In recent years outdoor recreation has undergone a tremendous growth, subsequently placing heavy use undeveloped back-country areas. The potential for lasting evidence of this use, worn campsites, trash accumulations, and trampled vegetation, also grows. If the Selway River is to continue to exist in a pristine state, it is vital that the visitor accept a more active role in protecting this area. Each individual should make every effort to pass through the Wilderness with an absolute minimum impact on the land. It should be a matter of pride for every Wilderness visitor to leave no mark of his passing. [53]

Rafting and White Water Adventures

Many forest and wilderness travelers today take advantage of professional guide services who provide raft, canoe, or kayak expeditions on the region's many scenic rivers and waterways. The Flathead River in Montana and the Salmon River in Idaho, as well as the Selway and many other rivers and waterways that pass through or adjacent to the national forests, are major recreation thoroughfares. Professional guide services provide both fishing and adventure outings for visitors. The services are licensed for the protection of the guide services and their visitors, and access to the waterways is supervised, both as a way to protect the resources and as an essential mechanism for responding to emergencies that might occur on the sometimes dangerous waterways.

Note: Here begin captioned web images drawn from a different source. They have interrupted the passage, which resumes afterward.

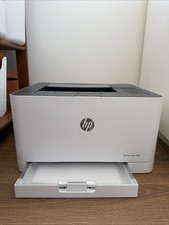 HP Color Laser 150nw Wireless printer +  New Laser Toner Cartridges  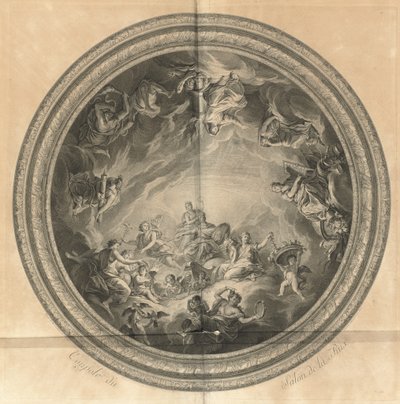 Cúpula del Salón de la Paz [pl. 44] de Jean Baptiste Masse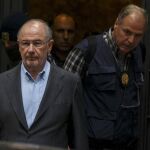 El ex presidente de la entidad, Rodrigo Rato.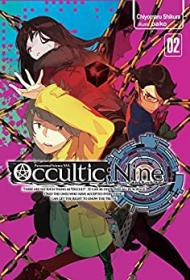 Occultic Nine, Volume 2 by Chiyomaru Shikura, pako (Illustrator), Adam Lensenmayer (Translator) (Occultic;Nine Light Novel #2)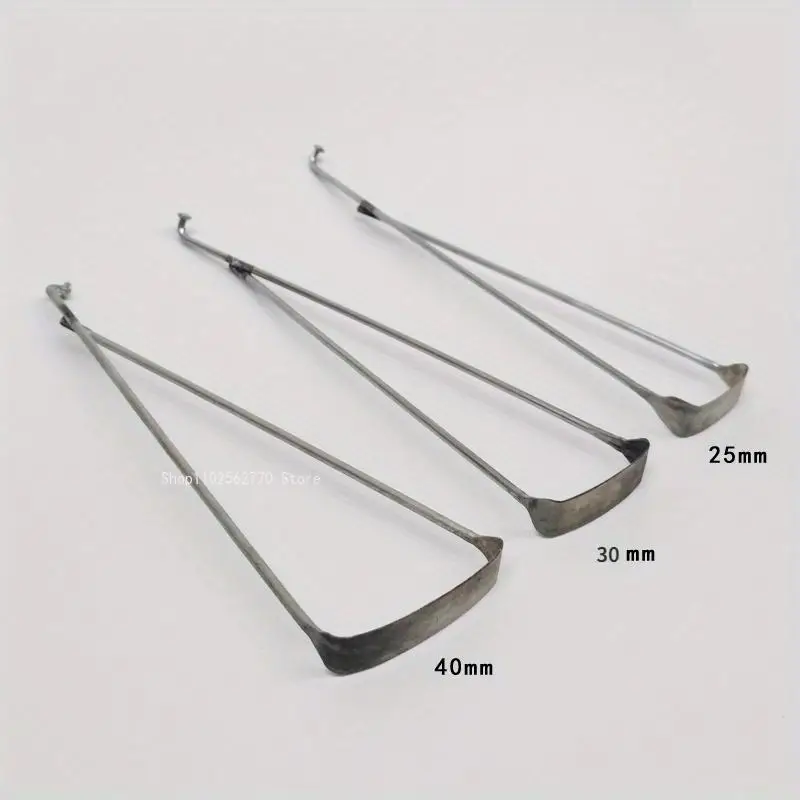 3Pcs/set Ceramic Fork Repair Knife Pottery Making Tool DIY Polymer Clay Trimming Carving Trowel Body Scraping Tool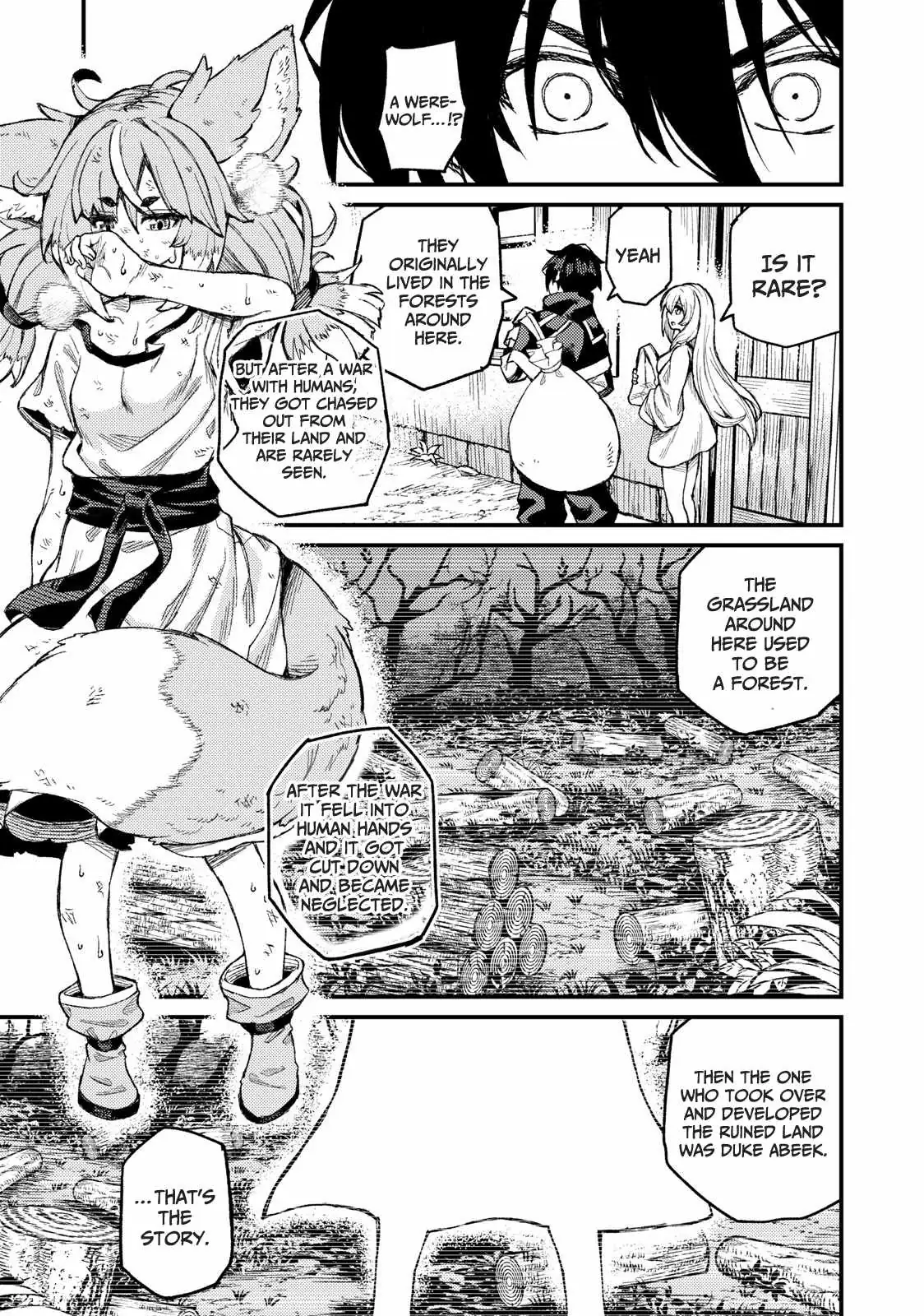Skill Lender’s retrieving (Tale) ~I told you it’s 10% per 10 days at first, didn’t I~ Chapter 4 page 2 - 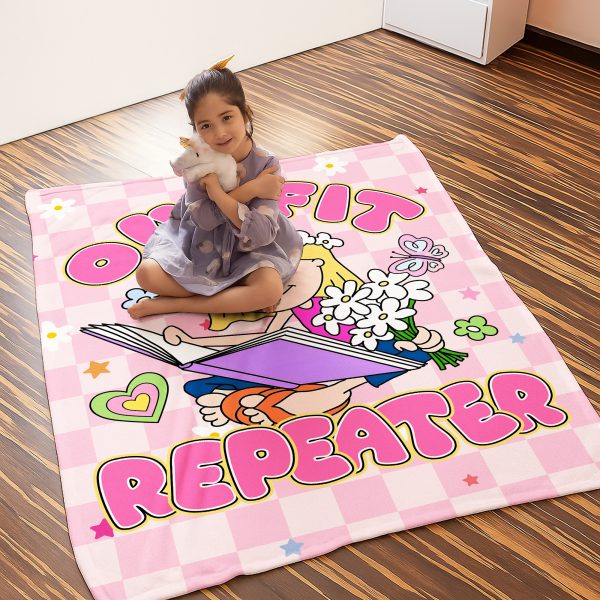 250818400 aa gm fleece blanket 30x40 lizzie mcguire 4 ezp9d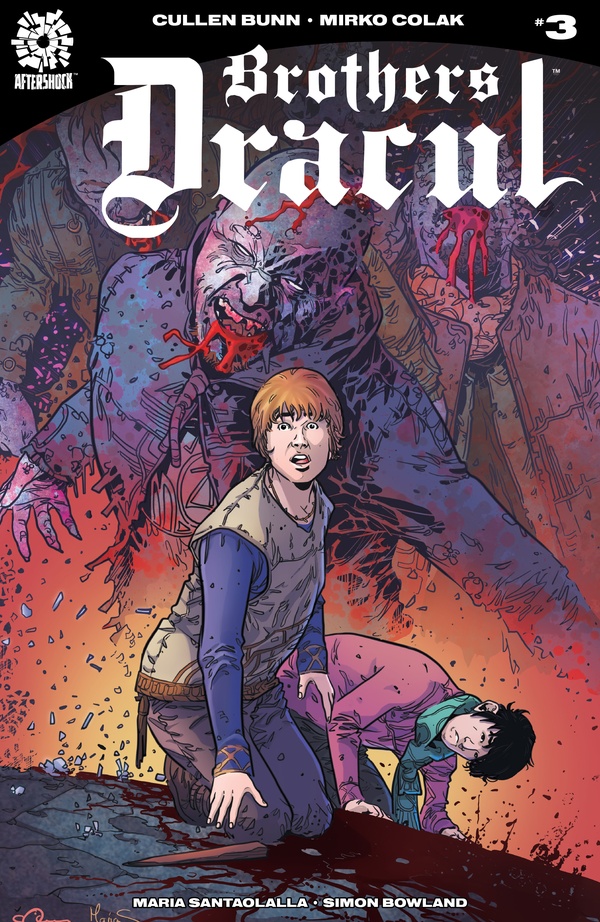 Brothers Dracul (2018) #3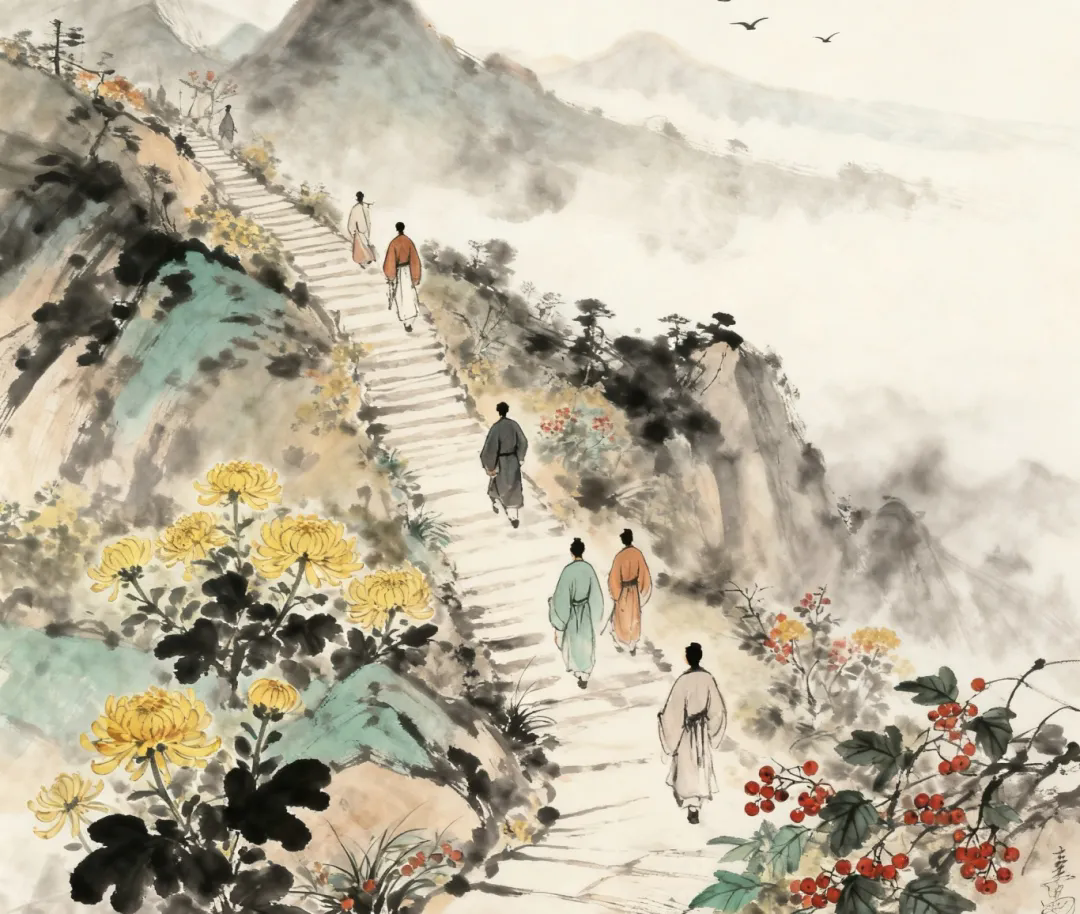 衡陽(yáng)南北特丨秋深逢重陽(yáng)，糕香載溫情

River rafting has become an important business for commercial outfitters on the Selway and in the region at large. Under the premise that a wild river and the wilderness it passes through are fragile works of nature, regulations affecting the use of the Selway River seek to prevent the imprint of people in its environs. Access to the Selway is limited to four commercial outfitters each year, each of whom may make four launches with not more than 16 people in a party. Reservations for commercial and personal trips must be made in writing, and approval is set only for preestablished launch dates. Unsuccessful applicants are placed on a waiting list on the basis "of a randomized sequential list of names from the computerized program." [54]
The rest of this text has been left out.